Imaginou-se a entrar na igreja da padroeira, vestida de branco. Como presente, na entrada concretizada em direção ao altar, o rapaz de boas famílias. E nela só essa redenção da aliança, do marido impecável e dos filhos que cuidaria. Filhos em escadinha. Vestidos de igual.
Sentia já o odor da carne a assar no forno, nas manhãs de domingo que chegariam. A folha de louro, o azeite da aldeia, a carne Barrosã. A mesa com toalha de linho. Ervilhas de quebrar arranjadas para acompanhar. Limonada com hortelã.
Com o rapaz, novos hábitos. Com o rapaz, esse sonho da perfeição. Tudo imaculado. Santos centenários com roupinha de cambraia, quadros a óleo alinhados em galeria e a as gavetas com tesouros trazidos da casa da aldeia: a concha de prata e o vestido para o batismo, os lençóis pequeninos bordados com o monograma da família. O entusiasmo da primeira ida à igreja. O prazer de irem com as crianças comungar. Cabelo perfeitamente alinhado. Só rapazes. Sempre de calções, independente da estação do ano. As vizinhas do prédio dos pais a comungarem também da procissão dessa ascenção. Maravilhados.

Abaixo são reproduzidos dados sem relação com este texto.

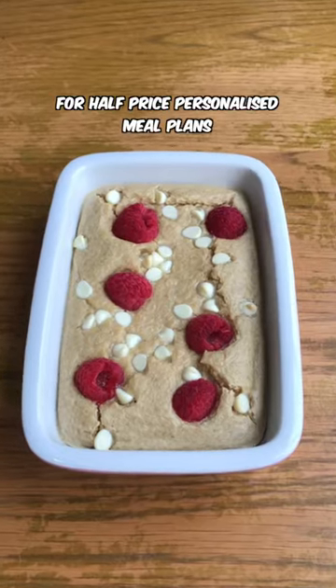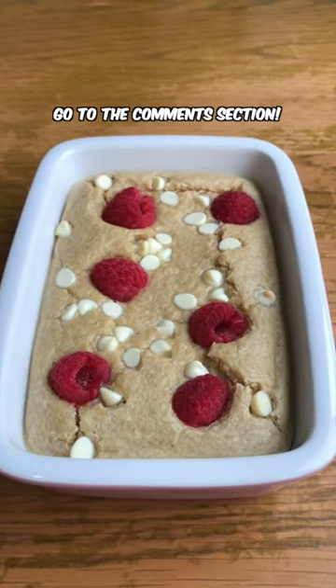There it is. For half price personalized meal plans, go to the comments section.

Mas depois, a cronometragem dos dias. Esse compasso que molesta.
Há agora sempre um andamento cadenciado que explode o coração. Uma cronometragem de medo e de frustração, e de tanta raiva e desespero. Há uma pauta a ditar a corrida que se pretende ágil e arrumada , aprumada e delicada. Mas só caos e desordem!
À noite, o som dos dentes a ranger e os dentes a partir, a fissurar. Segue-se o som do despertar, que se quer rápido. Os lanches na lancheira, as mochilas, os casacos, o leite a aquecer, os cereais já espalhados. Fica a desordem no imperativo de ligar o carro, apertar cintos, parar carro, desapertar os cintos, transportar mochilas, beijinhos, ligar o carro, acelerar sem memória do caminho percorrido, parar. O confronto com a falta de casaco, da lancheira. A culpa: do beijo a correr, da ansiedade que se alicerçou, da merda do caminho e da multa para pagar.
Há a cabeça em dor e aos trambolhões, o ruído permanente das caixas de legos a serem viradas, enquanto ela própria se vira do avesso e não se reconhece. O medo da janela entreaberta. O cabelo por lavar, as unhas por arranjar, as sacas de compras para carregar.
O medo, porque a janela pode estar entreaberta. A raiva da roupa que cheira a vomitado e que se acumula no cesto. A frustração. O cabelo por lavar, as unhas só cortadas, não arranjadas. Tão diferente do caminho que a levou ao altar.
Aos domingos, o cheiro a assado enjoa-a e as ervilhas para arranjar enervam-na. E já é hora de vestir, porque a porra da missa urge e todos esperam a procissão.
Agora, enquanto sobe em direção ao altar para comungar, confessa-se à padroeira daquilo que sente como erro e do engano na promessa concedida.